Unlike standard qubits, logical qubits can better carry out computations unmarred by errors, making the new device a potentially important step towards practical quantum computing. A quantum computer calculation depends on the number of qubits it contains.
Recently, IBM and California-based Atom Computing unveiled devices with more than 1000 qubits, nearly tripling the size of previously largest quantum computers. However, these devices have not led to an immediate and dramatic increase in computing capability because larger quantum computers often make more errors.
To make a quantum computer that can correct its errors, researchers from the quantum computing start-up QuEra in Boston and several academics focused instead on increasing its number of logical qubits, which are groups of qubits connected through quantum entanglement.
In conventional computers, error correction relies on keeping multiple redundant copies of information. Still, quantum information is fundamentally different and cannot be copied -- so researchers use entanglement to spread it across several qubits, which achieves a similar redundancy.
Harvard University’s Dolev Bluvstein said that the researchers started with several thousand rubidium atoms in an airless container when making their quantum computer. They used lasers and magnets to cool the atoms to temperatures close to absolute zero, where their quantum properties are most prominent.
Under these conditions, they could control the atoms' quantum states precisely by hitting them with lasers.

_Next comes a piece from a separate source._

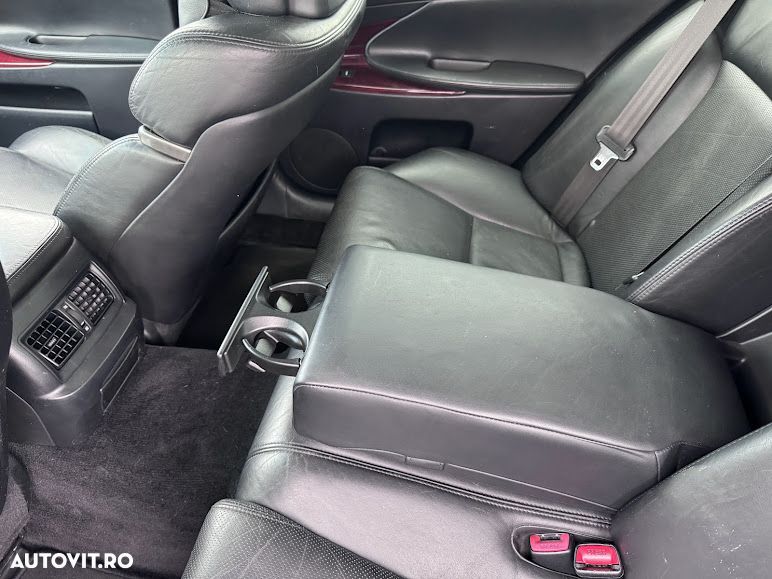 Lexus Seria GS 450h V6 Aut Luxury - 17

Accordingly, they first created 280 qubits from the atoms and then went a step further by using another laser pulse to entangle groups of those – for instance, 7 qubits at a time -- to make a logical qubit.

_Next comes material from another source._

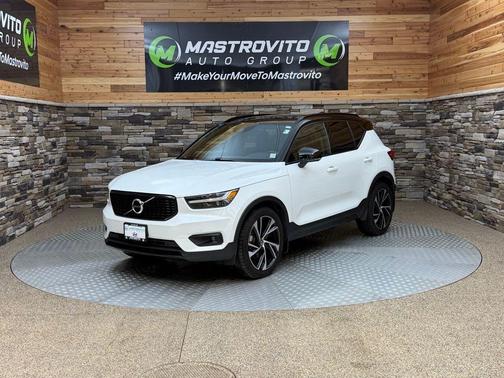 2021 Volvo XC40 T5 R-Design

By doing this, the researchers could make as many as 48 logical qubits simultaneously. This is more than 10 times the number of logical qubits that have ever been created before. The new quantum computer greatly benefits from being made of atoms that are controlled by light because this kind of control is very efficient.

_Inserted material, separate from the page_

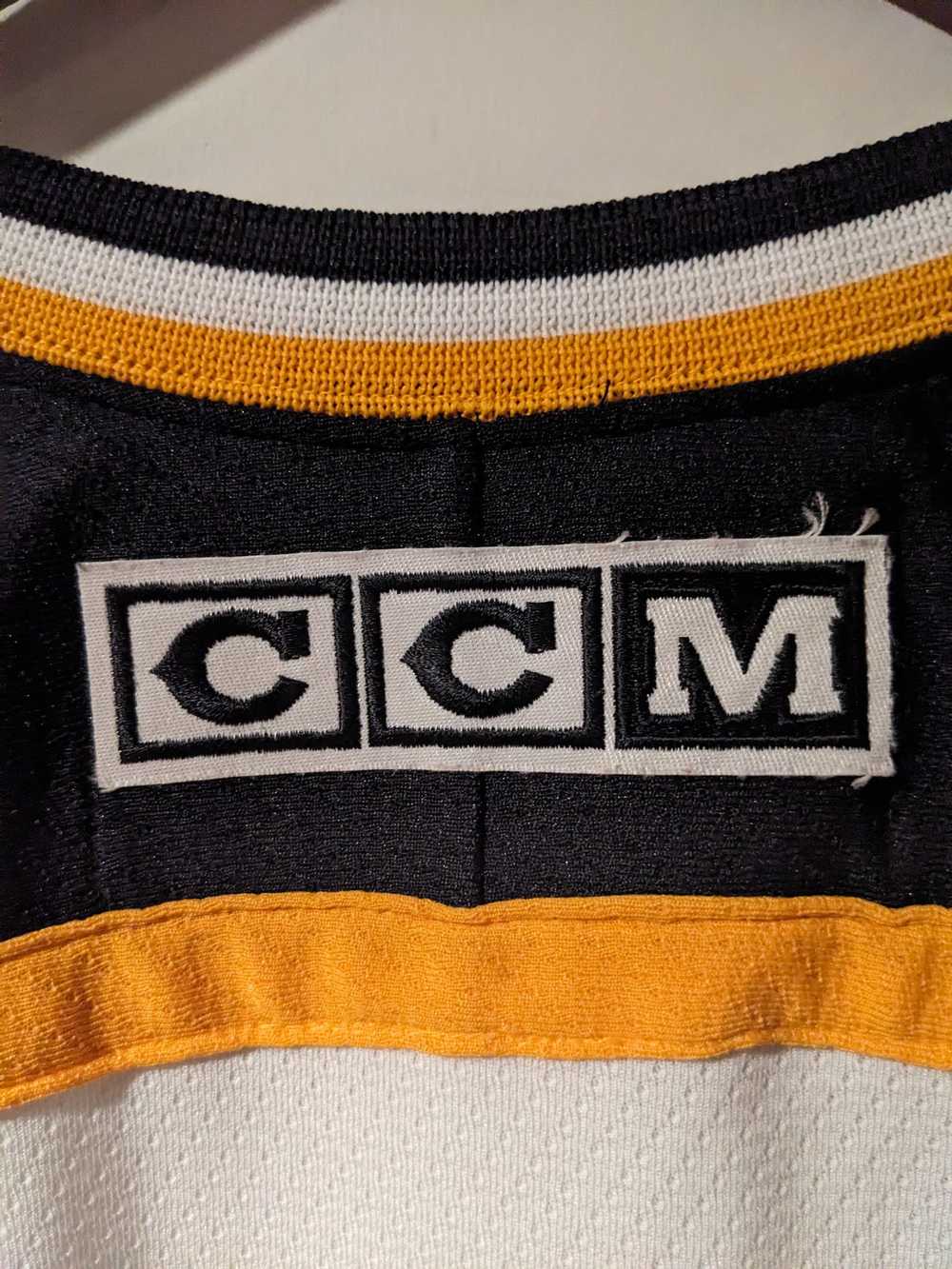 Ccm × Hockey Jersey × Vintage Vintage 90s Boston … - image 6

QuEra's computer makes its qubits interact and exchange information by moving them closer to each other inside the computer with optical "tweezers" made of laser beams. In contrast, chip-based quantum computers, like those made by IBM and Google, must use multiple wires to control each qubit.
Bluvstein and his colleagues implemented several computer operations, codes and algorithms on the new computer to test the logical qubits' performance. He says that though these tests were more preliminary than the calculations that quantum computers will eventually perform, the team already found that using logical qubits led to fewer errors than in quantum computers using physical qubits.